On September 9 2000, Madonna’s Music single debuted at #3 on the Billboard Hot 100 Single Sales Chart in the USA.
Billboard’s review of Music:
“Music is a stunning enterprise, a ballsy testament to Madonna’s insistence on being a style-setter and one of the industry’s most savvy-and now critically accountable-tunesmiths. Call this one dance, pop, even alternative…listeners will be shocked then mesmerized by this composition, showcasing yet another side of an artist, who after 20 years, continues to be a true industry artisan and the by-the-book definition of evolutionary.”
On September 8 1983, Madonna’s Lucky Star single was released in the UK.
Although Lucky Star was issued promotionally as a double A-side with Holiday in the US in September 1983, it was not released commercially in North America until August 1984 when it was issued as the final single from Madonna’s self-titled debut album.
Lucky Star was written by Madonna and produced by Reggie Lucas, with additional remixing by Jellybean Benitez. It is the most successful of her North American singles that were entirely self-written, reaching #4 on the U.S. Hot 100 and #8 in Canada (RPM Top 100).
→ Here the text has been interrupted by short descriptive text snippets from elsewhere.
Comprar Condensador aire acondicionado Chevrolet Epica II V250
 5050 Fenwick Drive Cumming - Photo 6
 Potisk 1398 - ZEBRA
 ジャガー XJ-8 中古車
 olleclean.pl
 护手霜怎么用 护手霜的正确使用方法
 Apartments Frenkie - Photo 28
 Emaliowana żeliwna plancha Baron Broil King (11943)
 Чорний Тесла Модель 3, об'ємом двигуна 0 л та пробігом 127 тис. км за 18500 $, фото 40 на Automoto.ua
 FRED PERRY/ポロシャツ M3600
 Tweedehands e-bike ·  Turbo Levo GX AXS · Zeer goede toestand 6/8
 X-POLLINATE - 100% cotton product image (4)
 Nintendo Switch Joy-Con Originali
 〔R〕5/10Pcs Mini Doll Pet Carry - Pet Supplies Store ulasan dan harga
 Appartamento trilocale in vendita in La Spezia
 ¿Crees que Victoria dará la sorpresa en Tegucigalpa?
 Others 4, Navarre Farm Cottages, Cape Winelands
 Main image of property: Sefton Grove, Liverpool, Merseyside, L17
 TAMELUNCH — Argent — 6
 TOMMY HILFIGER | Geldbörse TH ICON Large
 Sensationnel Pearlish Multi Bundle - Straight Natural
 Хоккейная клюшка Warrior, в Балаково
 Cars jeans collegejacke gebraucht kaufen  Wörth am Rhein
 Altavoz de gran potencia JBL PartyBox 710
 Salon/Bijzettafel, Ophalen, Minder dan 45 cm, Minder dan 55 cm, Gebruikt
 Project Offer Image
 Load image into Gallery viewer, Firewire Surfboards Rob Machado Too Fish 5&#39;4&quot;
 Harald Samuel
It was also her first Top-5 single in the U.S.
In the U.K., her self-written single Gambler was a bigger hit, reaching #4 in the fall of 1985, while Lucky Star peaked at #14.
Madonna wrote the song in 1982 after landing her first recording contract with Sire Records. It was rumoured to have been written about Mark Kamins, although we’re unsure whether that has ever been confirmed by Madonna herself.
On September 7 1995, Madonna won Best Female Video for “Take A Bow” at the 12th annual MTV Video Music Awards at Radio City Music Hall, New York, NY. Madonna also presented the award for Best Rap Video.
Later, a post-show chat with Kurt Loder to promote her upcoming ballads collection Something To Remember quickly went off the rails when Courtney Love infamously interrupted the interview. While it may have been Liz Rosenberg’s worst nightmare, the hilarious encounter certainly gave viewers something to remember!
On September 6 1989, Madonna performed Express Yourself at the 6th annual MTV Video Music Awards at the Universal Amphitheatre, Los Angeles, CA. The Express Yourself music video picked up awards for Best Direction, Best Art Direction, Best Cinematography, while Like A Prayer won the Viewer’s Choice Award.
Serving as a sneak preview for 1990’s Blond Ambition Tour, the performance marked the first of many to feature the vocal trio of Madonna, Donna De Lory and Niki Haris. De Lory and Haris had previously toured with Madonna during the 1987 Who’s That Girl Tour, but had been joined by a third background vocalist, Debra Parsons. The pair would be more heavily featured as vocalist/dancers from this point forward, rather than simply band members who rarely left the confines of their microphone stand.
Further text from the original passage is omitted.